The first week of Season 3 is drawing to a close, and with it we are all preparing to open our weekly disappointment boxes with reset and rejoice as for the one and only time in a tier they’re all but guaranteed to drop an upgrade. That leads one to a very important question: what should you pick?

This is not a complete guide to all of the good items in Shadowlands. The good items you know and love like Poxstorm and Blood Spattered Scale are still very, very good, and the rule of thumb for items without special effects (ilvl > all) remains true. Instead, it is a quick reference covering new items to watch for.

Tier Items

First on the list is, of course, items for our tier set: Garb of the Grand Upwelling. These are kind-of obvious, but I want to highlight them because there are virtually no scenarios in which you should skip taking a tier item unless you’ve already got a tier item in that slot. Obtaining the 4-piece bonus is far more powerful and important than any singular item, trinket, or weapon can provide.

If you’re not raiding and have an exceptional Mythic+ item (like Blood Spattered Scale) drop, you may consider taking that over a tier piece. However, this will delay completing your tier set and is thus difficult to recommend—event if passing on a Scale feels bad.

Raid Trinkets

There are two new raid trinkets that are noteworthy for Brewmasters, both damage-oriented: Cache of Acquired Treasures (from Artificer Xy’mox) and Bells of the Endless Feast (from Skolex). Both trinkets do substantial damage—with caveats.

Cache does exceptional damage on AoE if you select the Axe weapon from the cache (check for the Axe buff on your character), but is on a 3-minute cooldown so it won’t be around for every pull in a key or every add set on most boss fights. The other two options (Wand: big single-target burst, poor sustained throughput; Sword: haste buff).

In contrast, Bell does some truly impressive single-target DPS if you are attacking a single target for an extended period of time. This trinket works by stacking a buff up to 100 on a target, at which point they take a burst of damage. If a target becomes inaccessible or you have to stop attacking it, then this trinket drops in value massively.

There are a couple of trinkets that are noticeably worse, though they may appear good on the surface. Pocket Protoforge (from Lihuvim) looks like a compelling HPS trinket in the vein of Bloodthirsty Urchin. However, the healing done is fairly insignificant (~200 hps from a normal version).

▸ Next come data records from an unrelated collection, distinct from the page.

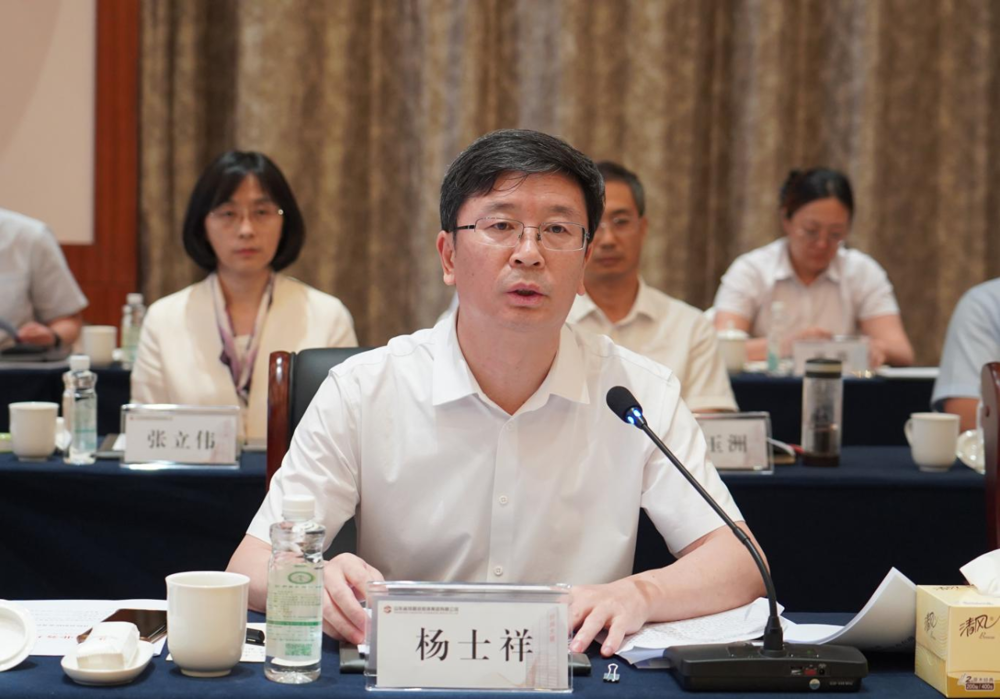 微信图片_20240729155828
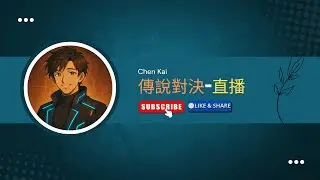 傳說對決｜目標傳說分水嶺戰場傳說｜Chen Kai
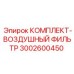 3002600450 air filter kit for mining drills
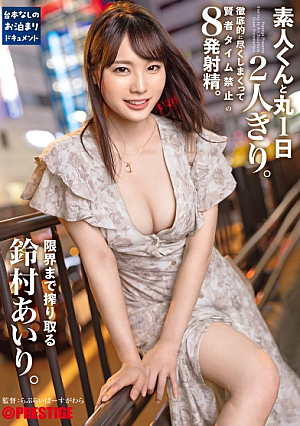 Airi Suzumura Spends A Whole Day With Amateur-kun And Squeezes Out The 8-ejaculate Limit Of Sage Time Prohibited. [Uncensored L**ked]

Lastly, Pulsating Riftshard (from Artificer Xy’mox) got some last-minute tuning that changed it from a weaker but acceptable version of Blood Spattered Scale to simply a bad DPS trinket with minor defensive upside. You can expect a shield of about 25k on single-target from a Heroic copy of the trinket, with values up to 40k on AoE. That is to say: about half of what you’ll get from Blood-Spattered Scale on AoE. It does more damage than BSS, but not enough more to take it over a DPS trinket. If you don’t have other great vault options, this trinket is okay—but it is not a top-tier pick.

Dungeon Trinkets

The introduction of the Tazavesh dungeons has added two noteworthy trinkets to the pool: Ticking Sack of Terror (from Streets of Wonder, aka Lower Tazavesh) and Codex of the First Technique (also from Streets of Wonder).

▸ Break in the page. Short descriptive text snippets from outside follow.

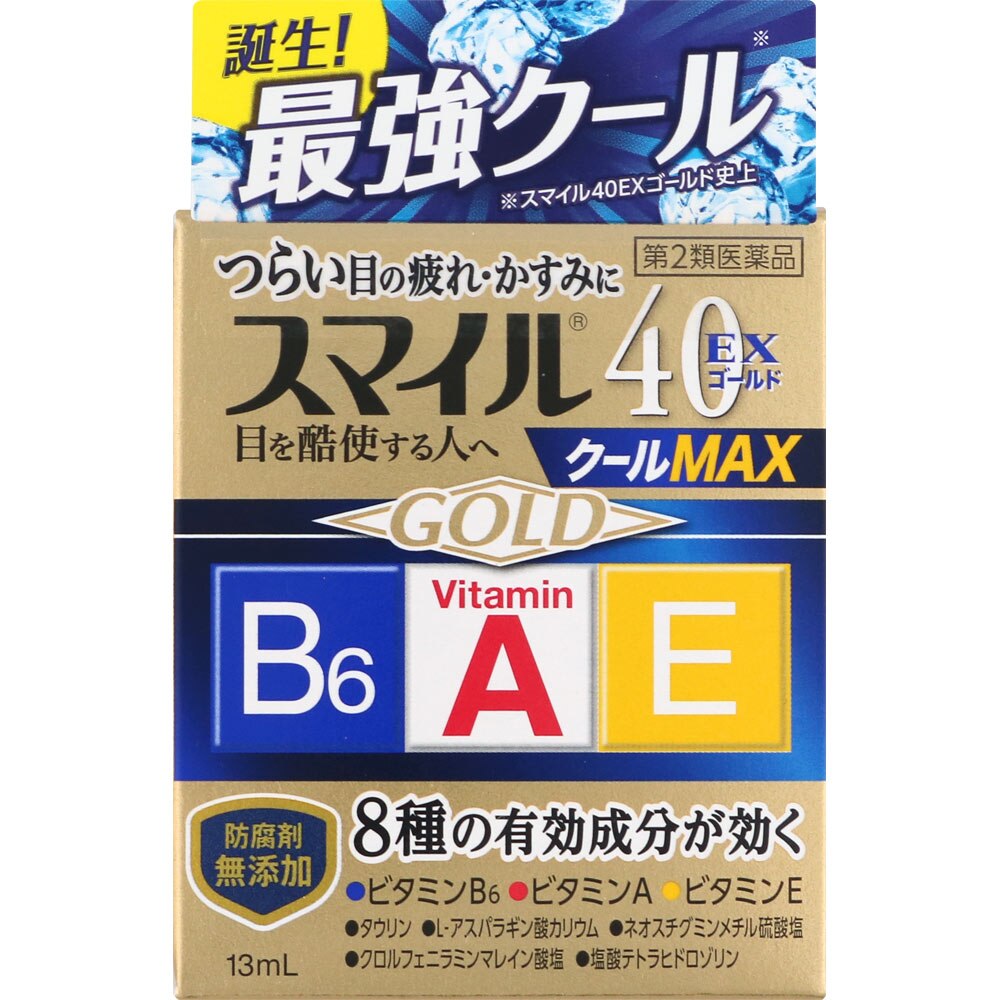 【第2類医薬品】スマイル40EX　ゴールドクールMAX　13mL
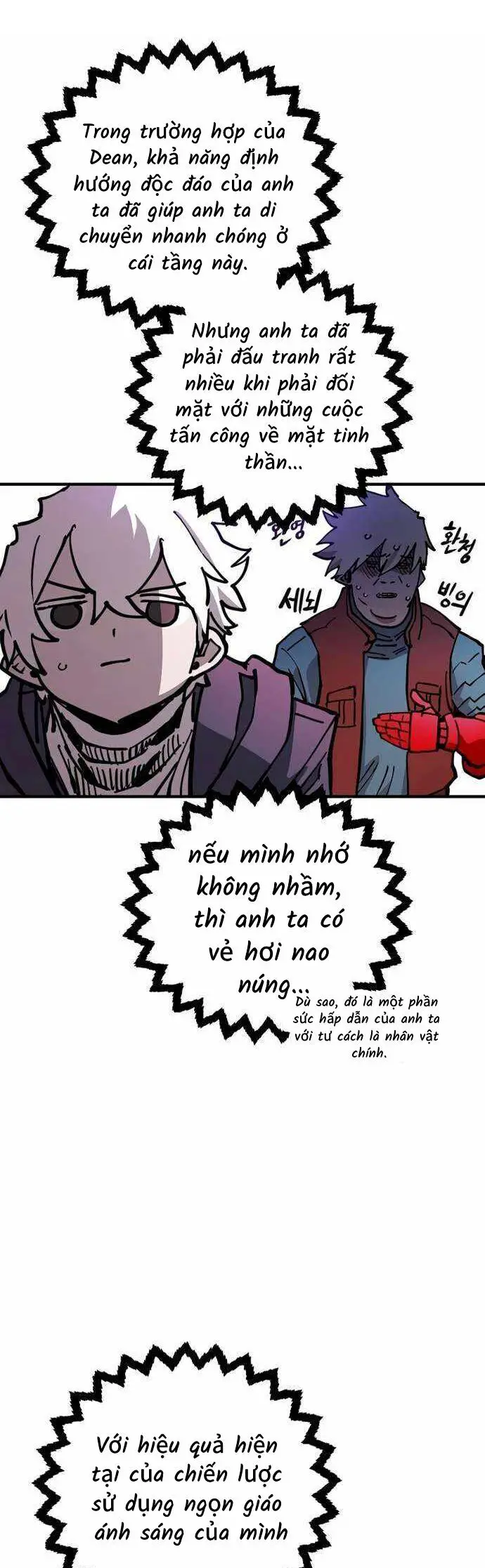 Player Nettruyen ZZZ Chương 195 Page 49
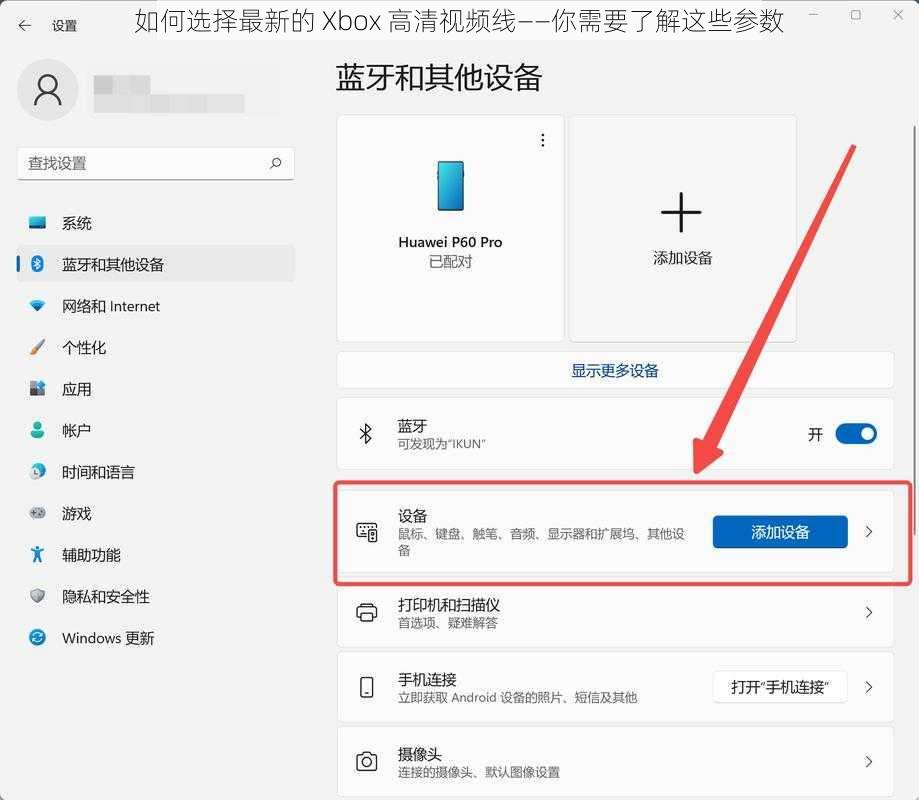 如何选择最新的 Xbox 高清视频线——你需要了解这些参数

Ticking Sack of Terror is just a good single-target damage trinket. It has a decently high level of variance due to the way it triggers (stacking to 3, then blowing up) since it is possible to have stacks naturally reset due to bad luck. However, the trinket does good damage and is worth picking up.

Codex of the First Technique is a trinket that scales with your incoming damage, and sort-of double-dips with Stagger by reflecting damage both from the initial hit and from Stagger ticks. This makes it a high-risk / high-reward trinket that may do effectively nothing if it procs during periods of low damage intake, but has the potential to do quite a lot of damage if it procs at the right times. However, this item is a bit weirder in that there’s almost no advantage to picking up a max ilvl version of the trinket. Only two parts scale: the static Stamina bonus, and the cap on damage absorbed per hit. Due to Stagger, it is difficult to cap out even a minimum ilvl version of the trinket, so all you’re gaining is a small amount of stamina. For that reason, it is probably worth skipping this item in the vault and picking up one from the end-of-dungeon cache or a Mythic kill instead.

What About…?

The other raid trinkets not covered here are generally middling (and obviously such). Worth it for ilvl? Probably. But not exceptionally bad or good. Additionally, there are several raid trinkets from the final 3 bosses that are not covered here, as they won’t drop from vaults this week (and we haven’t been able to test the live version of any of them).